Biden, Cumhuriyetçi Parti’ye özellikle, bireysel silahlanma, iklim değişikliği ve göçmen reformu gibi konularda birlikte çalışma çağrısını yineledi, ayrışmak değil sorun çözmeye odaklanılması gerektiğini ifade etti.
Basının dikkat çektiği en önemli konu Meksika sınırındaki göç hakkındaydı. Aileleri yanlarında olmadan ABD sınırına geçmeye çalışan çocukların sayısındaki artış ile ilgili sorular yöneltildi. Biden, göçmenlik ile ilgili sorunların kaynağının Trump yönetiminin politikaları olduğunu söyledi.
2024 ABD Başkanlık seçimleri için tekrar aday olup olmayacağı konusundaki soruya, yeniden aday olmayı planladığını ve başkan yardımcısı olarak Kamala Harris ile devam etmeyi düşündüğünü söyledi.
Çin ile ilişkiler konusunda, geçtiğimiz günlerde Çin’e net şekilde kendileriyle karşı karşıya gelmeyi istemediklerini ilettiklerini belirtti.
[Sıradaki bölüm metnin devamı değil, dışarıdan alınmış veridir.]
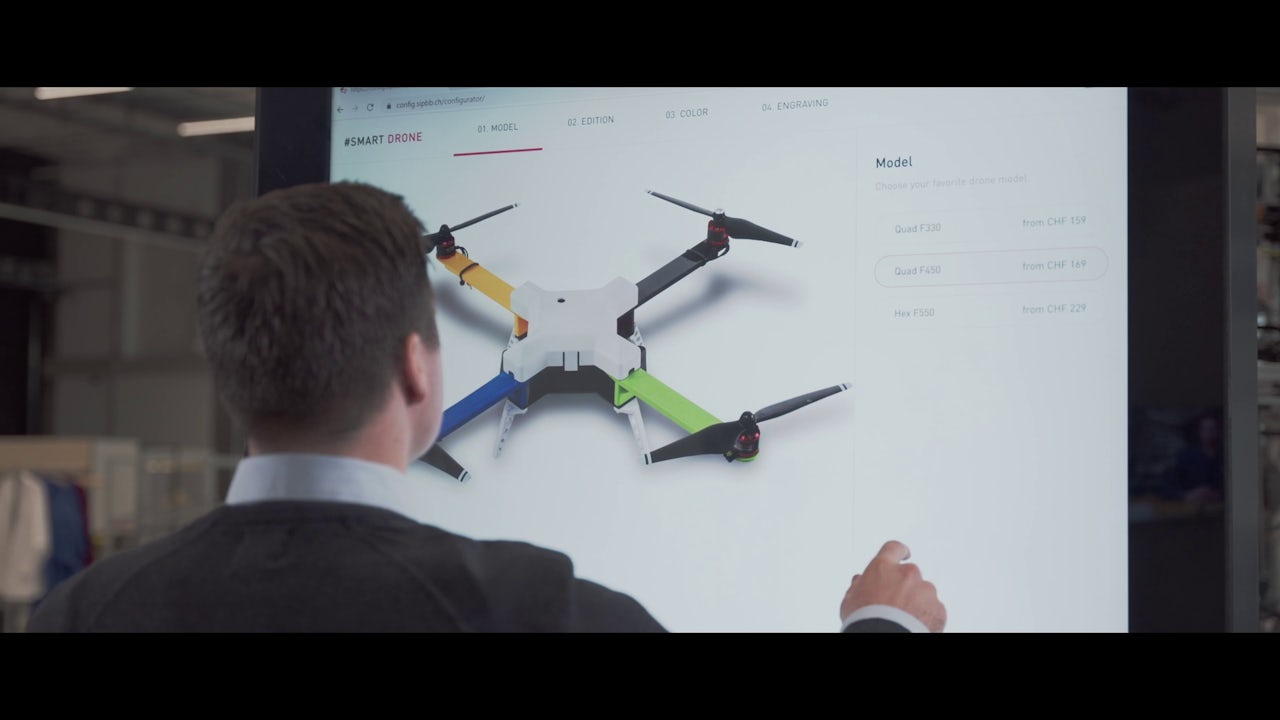 A man works on a project involving a drone.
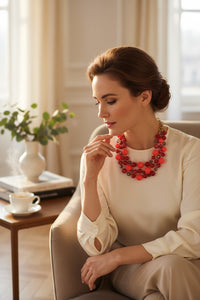 Button Down SF necklace with three strands of mixed pink and red resin beads and crystal accents.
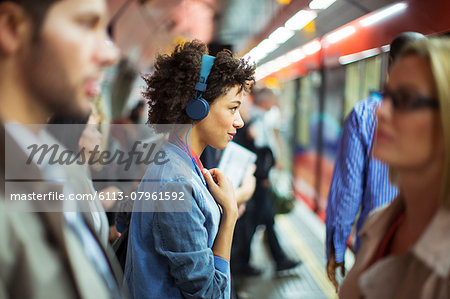 Woman listening to headphones in train station
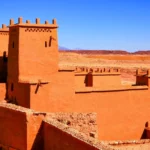 Fachada de arcilla roja del Ksar de Aït Benhaddou con el horizonte árido del valle de Ounila de fondo, capturando la textura rugosa de la construcción tradicional.
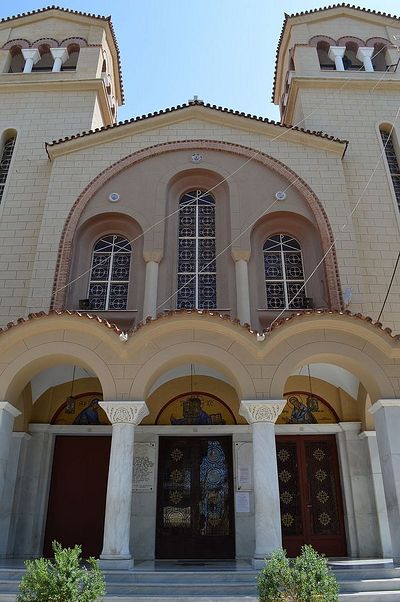 The facade of St. Efthimios in Keratsini; what looks like a normal, neighborhood church is bustling with a hive of do-gooders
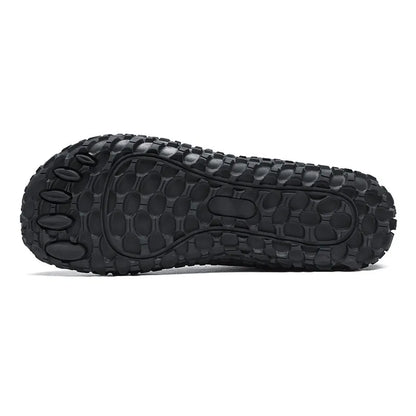 Textured black outsole of a wide toe walking trainer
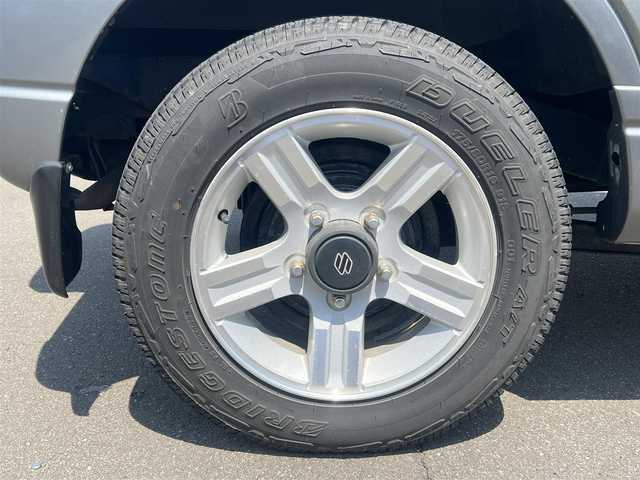 スズキ ジムニー ランドベンチャー 秋田県 2008(平20)年 10.4万km オリーブグレーメタリック 社外ナビ/フルセグ/ターボ/バックカメラ/リモコンキー/純正アルミ/運転席席シートヒーター/MTモード付AT/純正フロアマット/純正ドアバイザー/ルーフレール/背面タイヤ/パワーステアリング/パワーウィンドウ/レベライザー/電動格納ウィンカーミラー/保証書/取扱説明書/記録簿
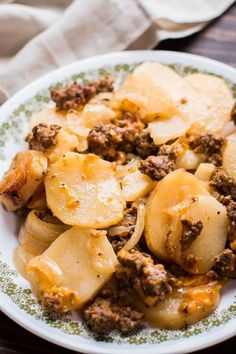 a white plate topped with potatoes and meat covered in sauce on top of a wooden table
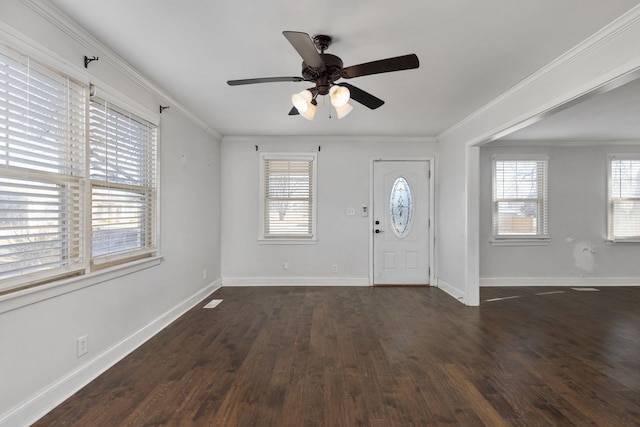 entryway with crown molding, dark wood-type flooring, and ceiling fan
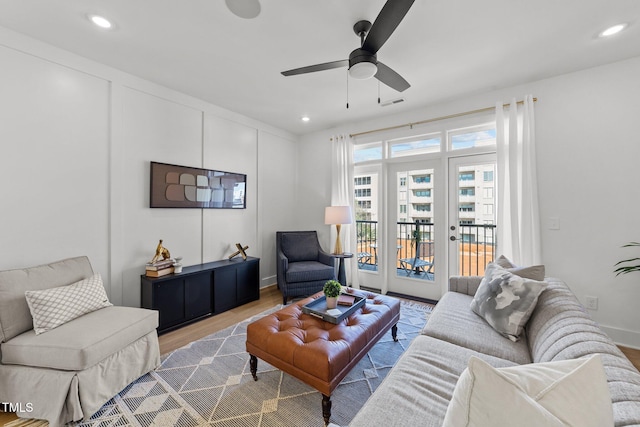 living room with ceiling fan and light hardwood / wood-style floors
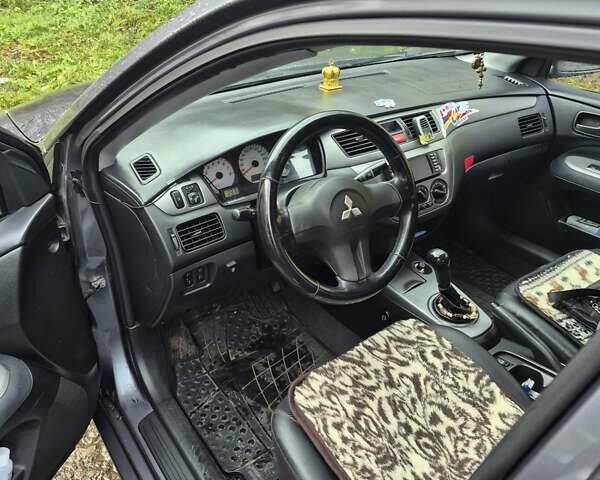 Сірий Міцубісі Lancer, об'ємом двигуна 1.6 л та пробігом 230 тис. км за 4400 $, фото 6 на Automoto.ua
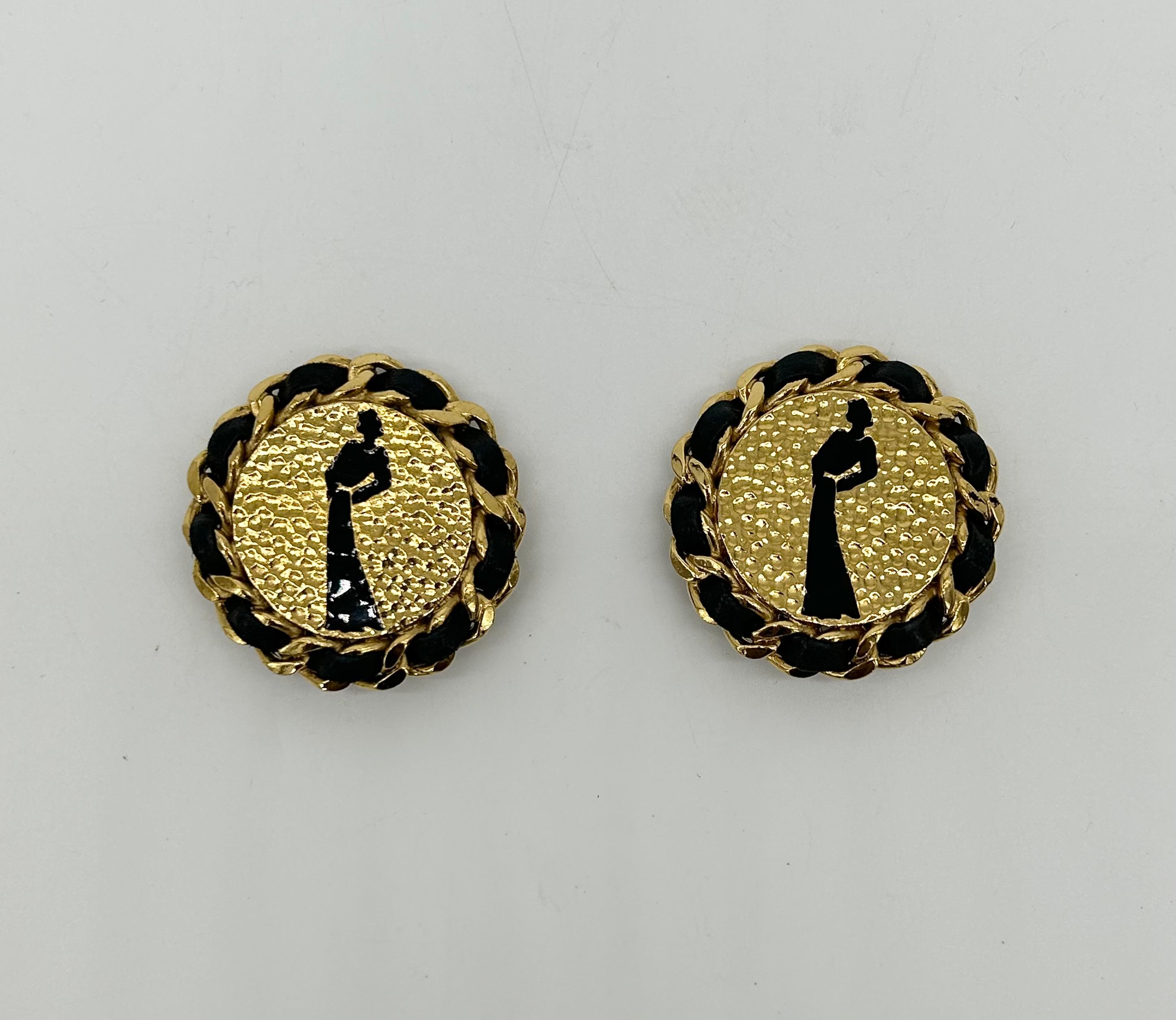 Chanel Vintage Gold Leather Chain Round Earrings In excellent condition. Large round gold earrings with black leather and chain edges and solid black enamel figure of woman standing in center front. Clip on backings. Excellent condition no scuffs or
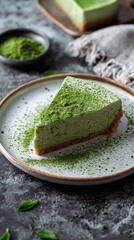 A slice of matcha cheesecake with a dusting of green tea powder on a ceramic white plate, vertical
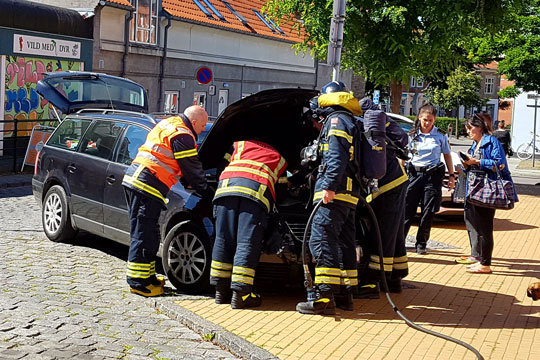 R�gudvikling fra parkeret bil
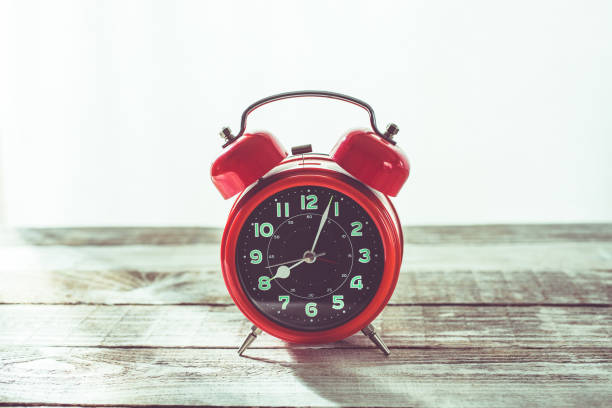 istock Red clock alarm clock retro design on a wooden table 1407838049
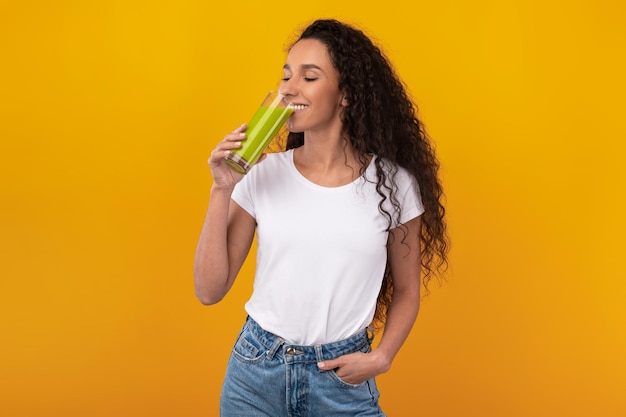 Portret van vrolijke jonge dame die smoothie drinkt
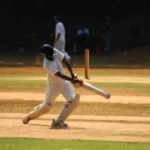 A cricketer in white uniform and helmet plays a shot on a dry, earthy pitch, with a wooden bat.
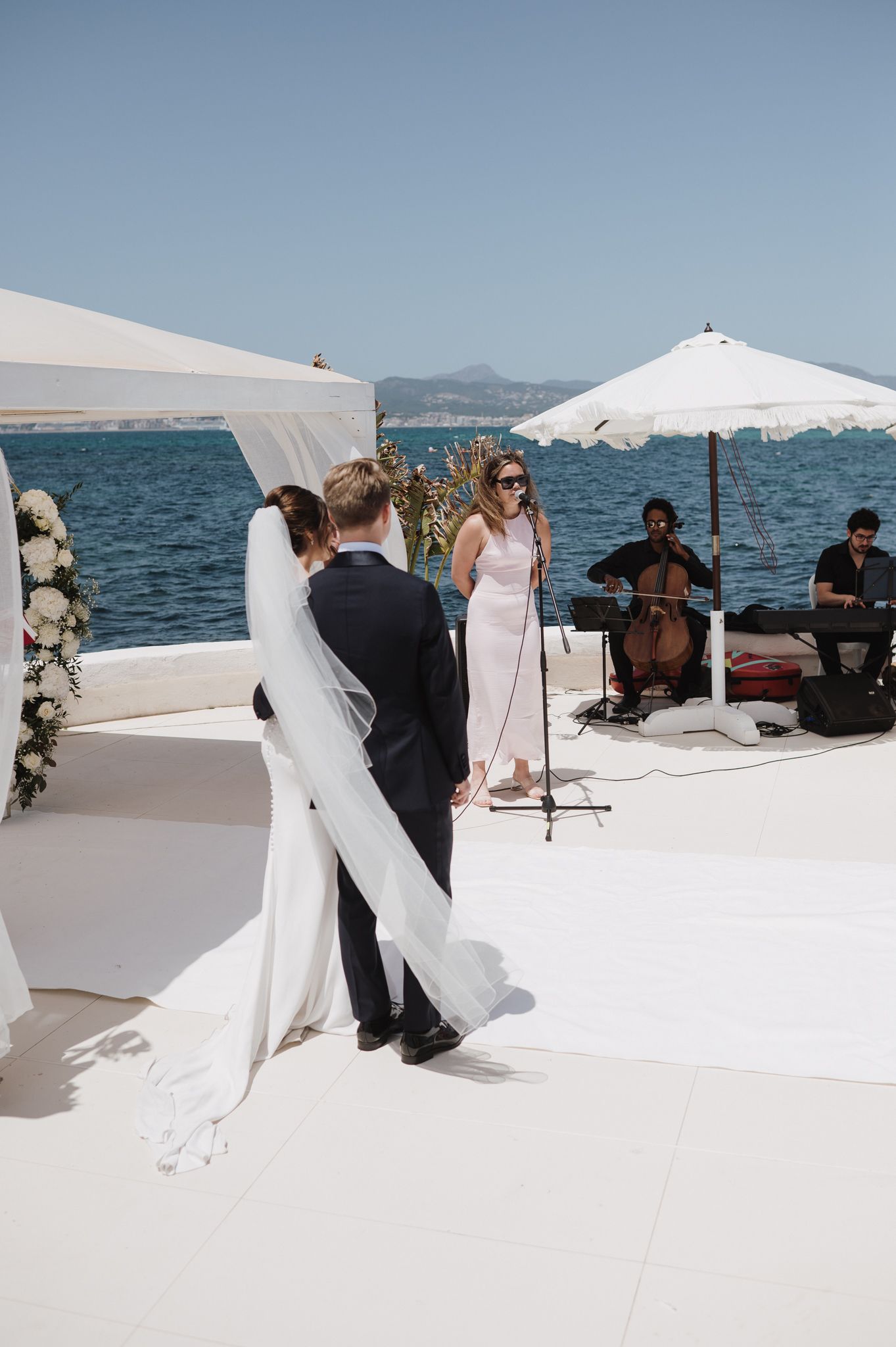 Outdoor seaside wedding ceremony with bride and groom at altar, live cello music and singer performing on white terrace.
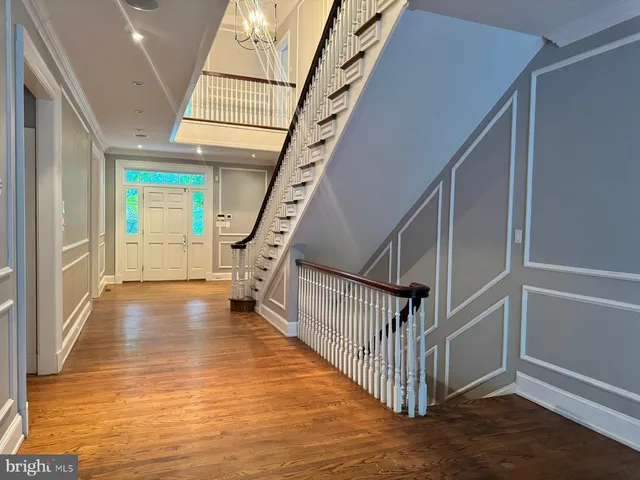 a bathroom with a bathtub a window and a shower
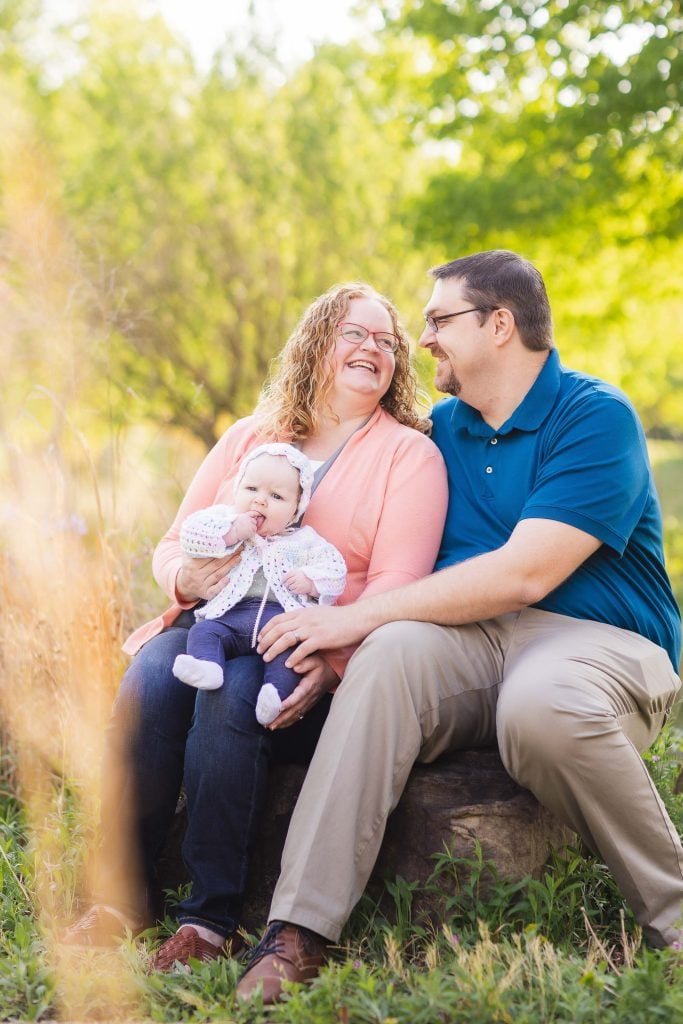 A couple sits on a rock at Quiet Waters Park, smiling at each other while holding a baby. The background features green foliage and sunlight, capturing the essence of a perfect family portrait.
Özellikle rekabet ve ticaret konusunda Çin’in uluslararası kurallara uygun hareket etmesi konusunda zorlayıcı olacaklarını vurguladı. Çin Devlet Başkanı Xi Jipping’i eskiden, başkan yardımcılığı döneminden tanıdığını, demokrasinin zerresinin bile kendinde olmadığını; ancak zeki biri olduğunu ifade etti.
Kendi başkanlığı döneminde Çin’in asla dünyanın lider ülkesi konumuna gelemeyeceğini söyledi. Şincan Uygur Özerk bölgesinde ve Hong Kong’da yaşananlara dikkat çekmeye sonuna kadar devam edeceklerini belirtti.
Kuzey Kore hakkında da konuşan Biden, Kuzey Kore’nin en önemli dış politika önceliklerinden olduğunu, yapılan balistik füze denemelerinin 1718 sayılı Birleşmiş Milletler kararını ihlal ettiğini, diplomasi yoluyla ilerlemek istediklerini ancak gerilim artarsa ABD’nin karşılık vereceğini söyledi.
Diğer bir konu Afganistan Savaşı hakkındaydı. Biden, seneye bu zamanlar ABD askerlerinin Afganistan’da olacağını düşünmediğini, ayrılmanın planlı, güvenli ve düzenli şekilde gerçekleştirilmesinin hedeflendiğini anlattı.
Küresel hakimiyet için demokrasi ile otokrasinin mücadele ettiğini, dünya için gerçek tehlikenin bu olduğunu ve demokrasinin işe yaradığını kanıtlamaları gerektiğini vurguladı.
Basın toplantısında Türkiye ile ilişkiler gündeme gelmedi.